One out of every seven diagnoses are incorrect. Diagnostic errors kill approximately 60,000 people each year. Meanwhile, deep learning technology promises to eliminate a large portion of these errors. In the case of bloodstream infection detection, even the most skilled intensive care unit doctors miss about half of sepsis cases. This problem is the basis of the technical research paper. An ongoing research effort on automated diagnosis of sepsis is led by University of Virginia (UVA) Professor of Computer Science Rich Nguyen. This team tested a battery of time-series prediction deep learning models on bedside medical data in order to predict when a bloodstream infection might be taking hold. Beyond bloodstream infection detection, medical data has been used to train deep learning models to read X-rays with higher accuracy and speed than human radiologists. The STS research paper investigates diagnostic error, computer aided diagnosis (CAD), and the U.S. Food and Drug Administration (FDA) process will lead into an Ethics of Care based STS discussion of how a CAD-specific FDA approval pathway could improve the quality of care for all patients.
The bloodstream infection detection team is led by UVA Professor of Computer Science Rich Nguyen, accompanied by UVA Professor of Medicine Dr. Randal Moorman, UVA Doctor of Infectious Diseases Dr. Chris Moore, Director of UVA’s Intensive Care Unit (and 2022 graduation speaker) Dr. Taison Bell, University of Pittsburgh Professor of Critical Care Medicine Dr. Gilles Clermont, assisted by UVA Graduate Students Jackson Brandberg and Joy Qiu, as well as my fellow Undergraduate Researchers Louisa Edwards and Zach Boner. The goal of this team was to assist doctors in predicting when an ICU patient might develop a bloodstream infection, just based on bedside vital signs. Currently, doctors look for abnormal, low or high, body temperature plus low blood oxygen and increased heart rate before suspicion is raised and a sepsis test is administered. However, these warning signs are extremely common in other conditions, especially in the ICU environment. The aim of using deep learning for this problem is to extract more subtle patterns that may arise when considering bedside vital signs learning up to a positive sepsis test.

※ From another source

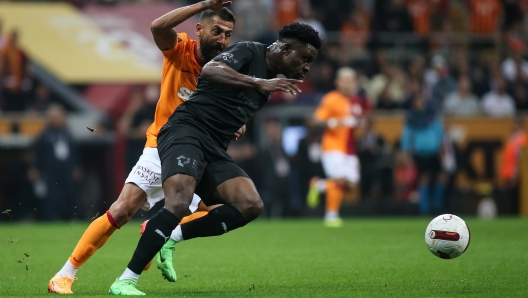 ISTANBUL, TURKEY - April 2: Fisayo Dele-Bashiru of Hatayspor is challenged by Kerem Demirbay of Galatasaray during the Turkish Super League match between Galatasaray and Hatayspor Rams Park on April 2, 2024 in Istanbul, Turkey. (Photo by Ahmad Mora/Getty Images)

In order to create a deep learning model to predict sepsis, first a dataset must be compiled. The training data used in this case included UVA ICU data, University of Pittsburgh ICU data, and the publicly available MIMIC dataset. All of these datasets provided the bedside vitals of patients at regular intervals, as well as an indication of when a blood culture was taken, and the results of that test. A survey of deep learning literature led the team to a shortlist of potential deep learning models that operate on multivariate time-series data—data with multiple variables that change over time. After preliminary tests with these models, our model showed some predictive power on the dataset. These results show promise that a well designed algorithm could predict sepsis more accurately, and without input from the doctor.

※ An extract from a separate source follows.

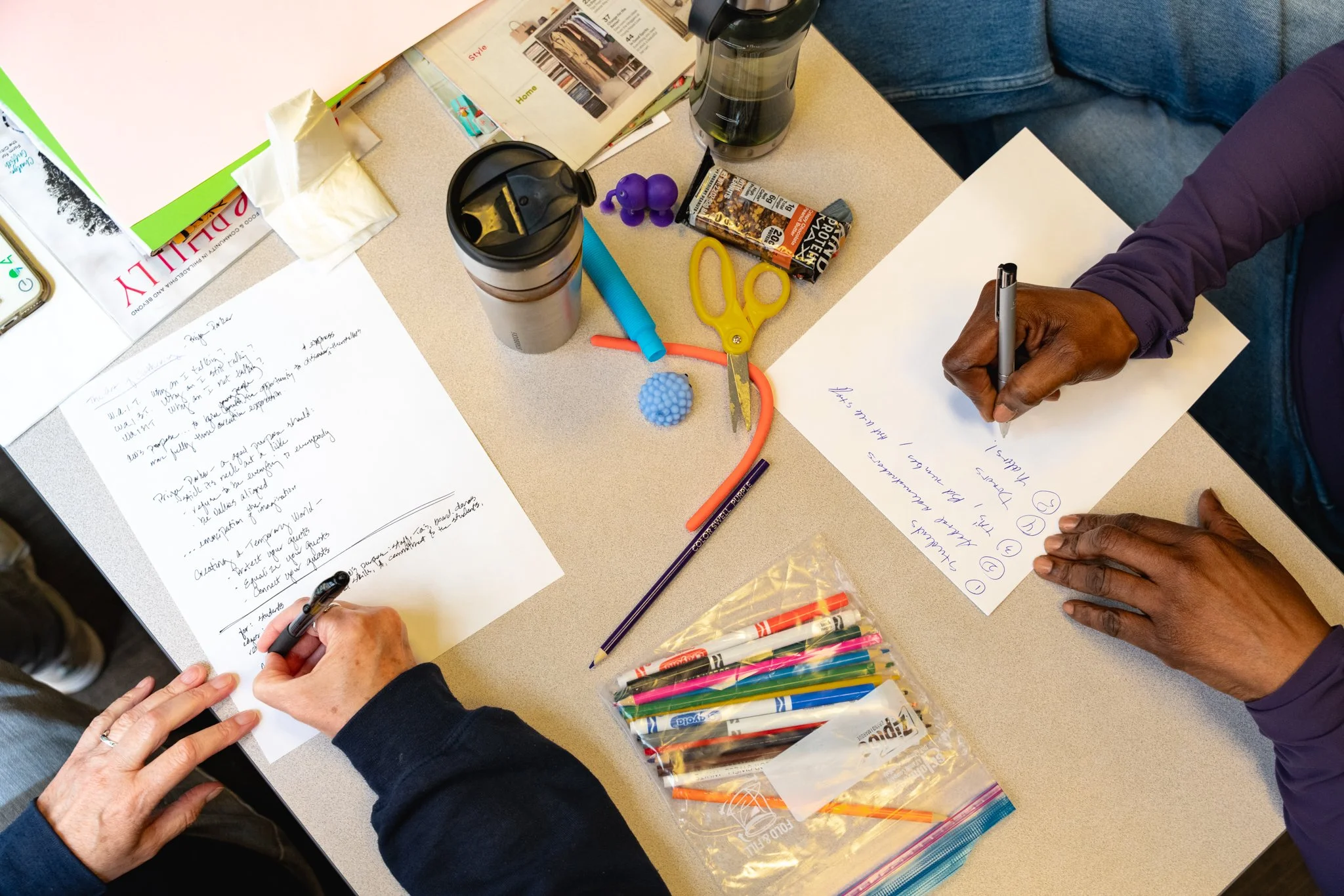 A top-down view of a group of people writing on sheets of paper at a cluttered table with pens, markers, scissors, and other supplies.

The U.S. Food and Drug Administration (FDA) has consistently failed to accommodate the specific needs of software medical devices that use deep learning. The STS part of this portfolio investigates the practical causes as well as the social and moral implications of the FDA’s poor support for software medical devices. Scientific studies and clinical trials of CAD devices have shown that they consistently outperform doctors and radiologists on a wide range of tasks. While the FDA has indicated that it intends to approve more deep learning powered medical devices, no tangible changes have been made to the 510(k) or De Novo pathways to acceptance, which often take a year or more to complete. In a fast moving and constantly changing field such as deep learning, these restrictions severely limit the performance of devices, even if the FDA approves them.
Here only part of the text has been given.